Print each entry again exactly as written, and keep the pictures out.

(Scraped caption text data)
◆ ◆ ◆ ◆ ◆
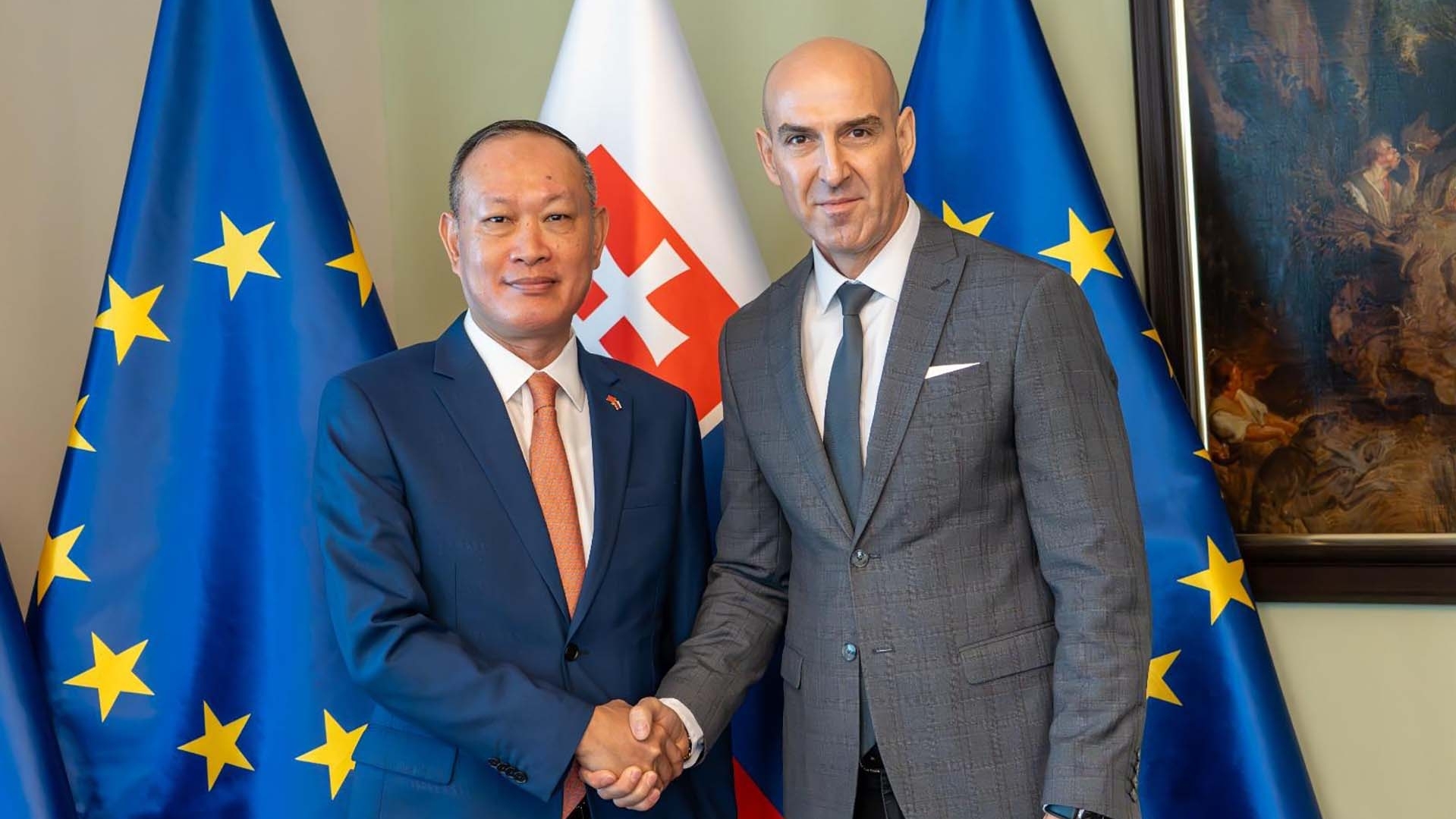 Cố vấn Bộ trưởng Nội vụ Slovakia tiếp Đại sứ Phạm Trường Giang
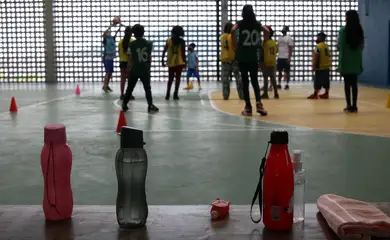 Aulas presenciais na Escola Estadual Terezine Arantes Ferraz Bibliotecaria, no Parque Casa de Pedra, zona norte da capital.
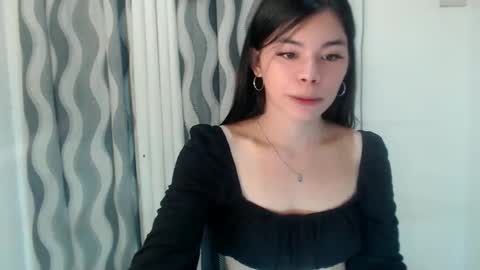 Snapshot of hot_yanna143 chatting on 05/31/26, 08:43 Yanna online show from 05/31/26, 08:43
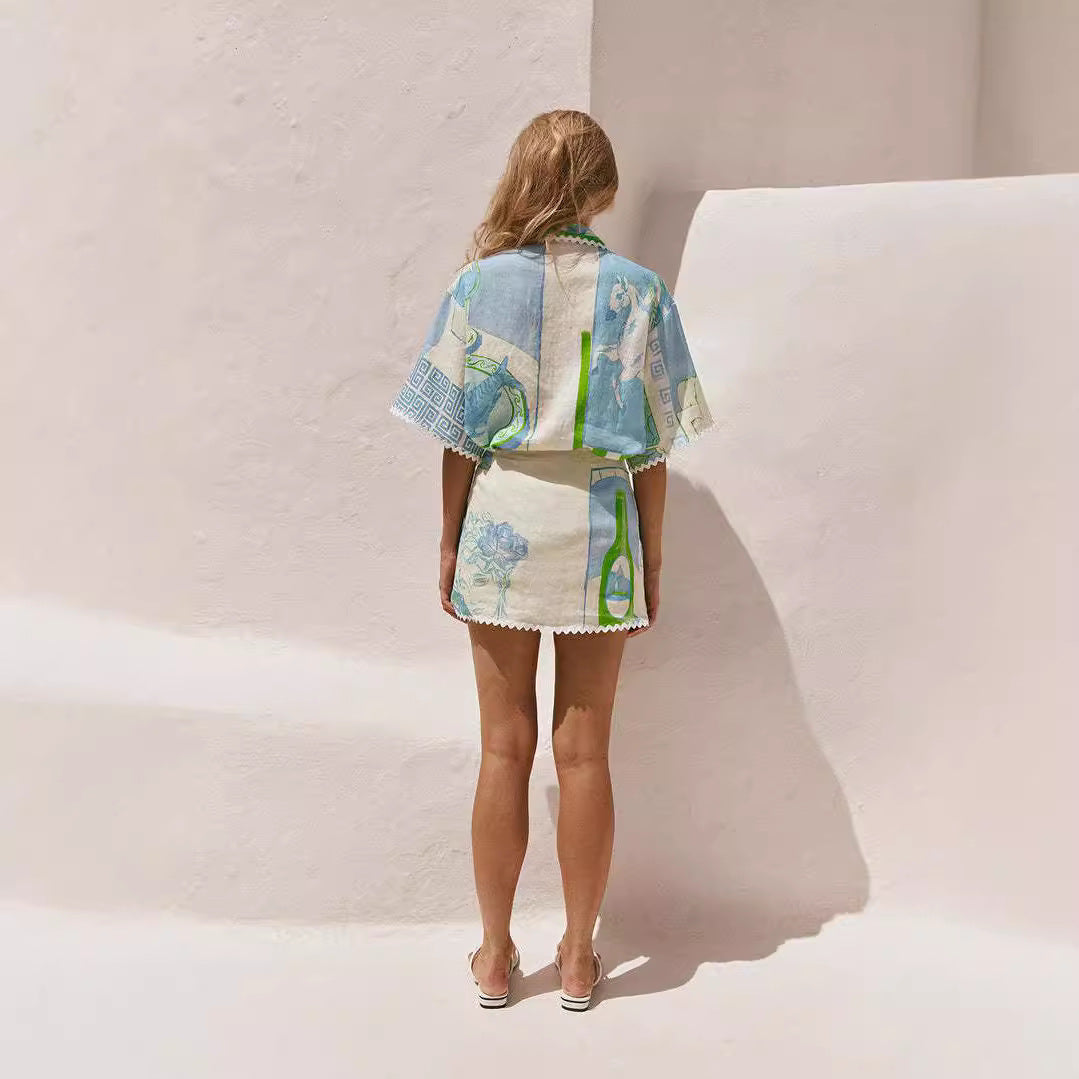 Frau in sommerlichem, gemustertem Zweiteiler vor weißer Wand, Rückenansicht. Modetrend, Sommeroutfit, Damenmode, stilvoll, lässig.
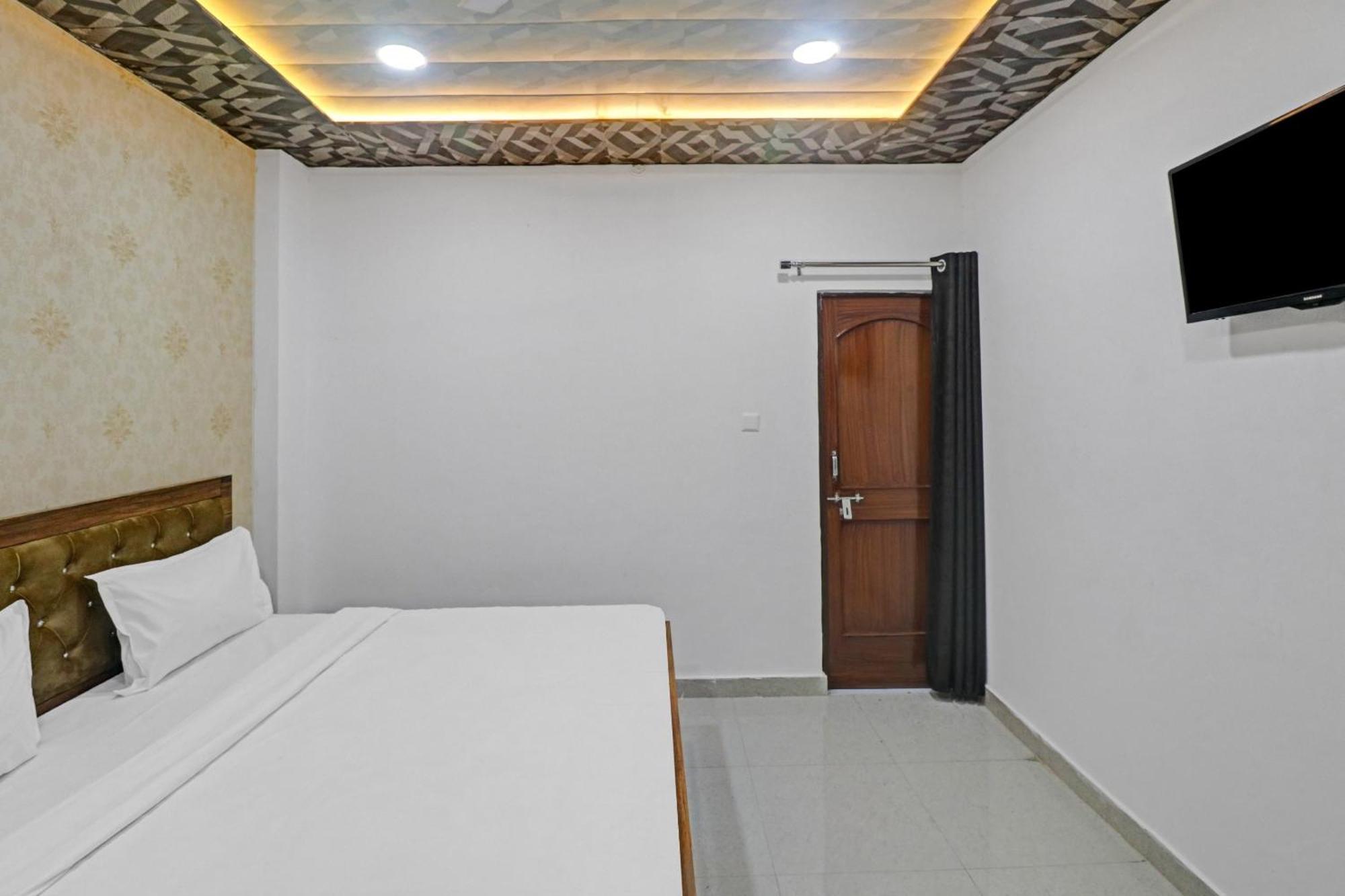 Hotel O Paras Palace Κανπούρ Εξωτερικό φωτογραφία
◆ ◆ ◆ ◆ ◆
## Task response
 Cố vấn Bộ trưởng Nội vụ Slovakia tiếp Đại sứ Phạm Trường Giang
 Aulas presenciais na Escola Estadual Terezine Arantes Ferraz Bibliotecaria, no Parque Casa de Pedra, zona norte da capital.
 Snapshot of hot_yanna143 chatting on 05/31/26, 08:43 Yanna online show from 05/31/26, 08:43
 Frau in sommerlichem, gemustertem Zweiteiler vor weißer Wand, Rückenansicht. Modetrend, Sommeroutfit, Damenmode, stilvoll, lässig.
 Hotel O Paras Palace Κανπούρ Εξωτερικό φωτογραφία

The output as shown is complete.